By Patrick La Roque
I shut down my phone last night. Doesn't happen very often so I'd forgotten the key combo. Had to dig in the settings for that one. My iPad is off as well, nestled between two books on my desk. The computer is silent; no fans, no whirrs, and no glare hitting my retinas everywhere I turn. It's early, still, but already minutes seems looser, elasticized by the sudden disappearance of markers. This is a dispatch from my first self-imposed analog day. As in, few electronics or screens, no multipurpose devices. I'm writing this on a typewriter, after filling up two pages in a notebook. I also took pictures of a dead houseplant a few moments ago—they’re on the card but I haven’t looked.
I'm not wearing my watch.
So far, so good.
There’s an unusual sort of anxiety in the air, like you've forgotten something but don't quite know what it is. Thoughts pop into my head, ideas I’d normally record on a machine, to check, or note, whatever. But I have to stop myself and there’s a sudden jolt, as my brain reassesses, unexpectedly. This is years of conditioning, challenged. An entire workflow upended. Every time it happens there's a micro-panic while my mind scrambles for a solution, searching for its bearings, trying hard to settle. And it does. It does.
…
No metrics. Today will not exist. To all those apps, I'll be a non-entity for the next 24 hours, a blank placeholder between streaks.
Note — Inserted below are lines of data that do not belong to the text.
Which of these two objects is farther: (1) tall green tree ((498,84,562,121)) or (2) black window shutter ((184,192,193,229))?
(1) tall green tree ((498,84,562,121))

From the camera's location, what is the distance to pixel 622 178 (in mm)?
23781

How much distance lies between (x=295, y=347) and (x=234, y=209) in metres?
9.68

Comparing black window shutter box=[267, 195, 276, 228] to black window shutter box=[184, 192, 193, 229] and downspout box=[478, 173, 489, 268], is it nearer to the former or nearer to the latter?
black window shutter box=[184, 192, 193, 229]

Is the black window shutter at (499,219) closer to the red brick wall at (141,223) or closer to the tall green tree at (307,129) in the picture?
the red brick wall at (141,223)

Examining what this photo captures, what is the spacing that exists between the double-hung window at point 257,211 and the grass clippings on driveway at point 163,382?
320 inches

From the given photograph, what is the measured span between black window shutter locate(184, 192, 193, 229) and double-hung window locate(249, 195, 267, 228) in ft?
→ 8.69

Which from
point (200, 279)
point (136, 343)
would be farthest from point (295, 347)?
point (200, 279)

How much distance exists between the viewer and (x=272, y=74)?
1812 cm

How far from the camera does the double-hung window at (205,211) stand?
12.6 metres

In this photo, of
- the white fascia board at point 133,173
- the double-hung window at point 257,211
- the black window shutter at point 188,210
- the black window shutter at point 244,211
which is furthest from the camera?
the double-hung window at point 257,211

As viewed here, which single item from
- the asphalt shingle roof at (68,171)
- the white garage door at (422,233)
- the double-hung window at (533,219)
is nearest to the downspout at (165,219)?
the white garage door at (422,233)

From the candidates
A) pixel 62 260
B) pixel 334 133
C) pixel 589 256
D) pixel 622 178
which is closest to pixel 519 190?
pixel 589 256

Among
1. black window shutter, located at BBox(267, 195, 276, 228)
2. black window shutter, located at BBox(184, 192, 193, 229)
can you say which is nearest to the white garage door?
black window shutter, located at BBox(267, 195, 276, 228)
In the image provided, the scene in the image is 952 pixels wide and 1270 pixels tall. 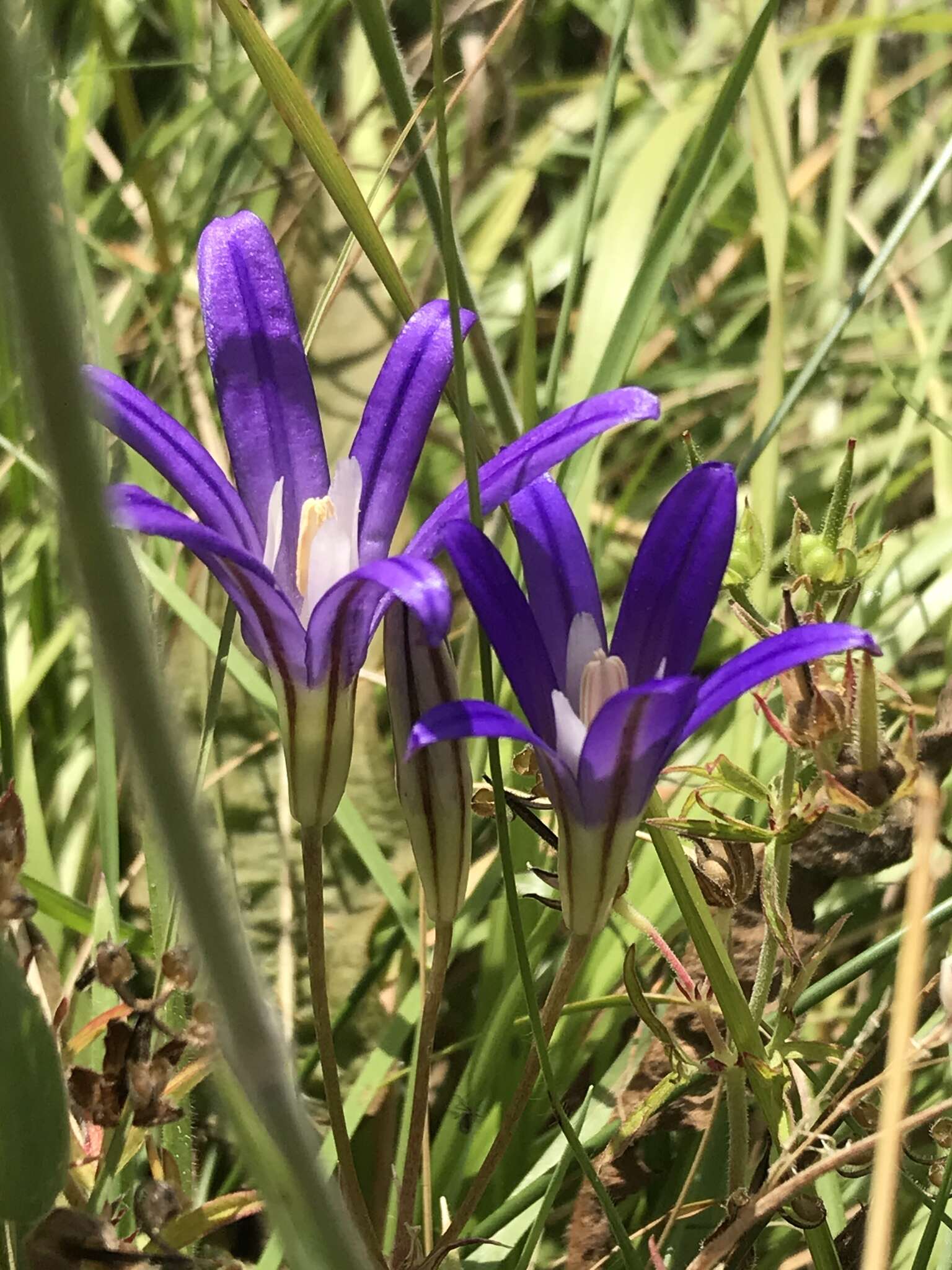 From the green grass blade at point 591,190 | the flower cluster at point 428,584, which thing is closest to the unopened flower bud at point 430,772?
the flower cluster at point 428,584

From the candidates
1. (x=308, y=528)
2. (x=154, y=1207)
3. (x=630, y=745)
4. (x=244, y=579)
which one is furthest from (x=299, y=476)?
(x=154, y=1207)

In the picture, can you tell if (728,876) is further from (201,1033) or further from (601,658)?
(201,1033)

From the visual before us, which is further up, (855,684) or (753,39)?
(753,39)

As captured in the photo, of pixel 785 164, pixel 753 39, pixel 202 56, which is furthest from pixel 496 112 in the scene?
pixel 753 39

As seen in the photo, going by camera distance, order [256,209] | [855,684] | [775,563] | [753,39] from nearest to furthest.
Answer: [855,684] → [753,39] → [775,563] → [256,209]

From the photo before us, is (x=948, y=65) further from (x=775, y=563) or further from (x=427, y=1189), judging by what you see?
(x=427, y=1189)

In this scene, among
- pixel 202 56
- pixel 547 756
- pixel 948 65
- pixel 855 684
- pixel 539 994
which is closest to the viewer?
pixel 547 756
Nothing out there will know that I drank water, and meditated, and spent time working on a post on a 1960s machine with mechanical arms banging and smacking and splashing ink on a letter-sized piece of office paper. My existence today will leave no trace. A precipice. Null and void.
What I do now, I do from Outside. I could be an unknown force fomenting a quiet revolution away from prying eyes. There is no word count, no time tracking.
This day will not be logged.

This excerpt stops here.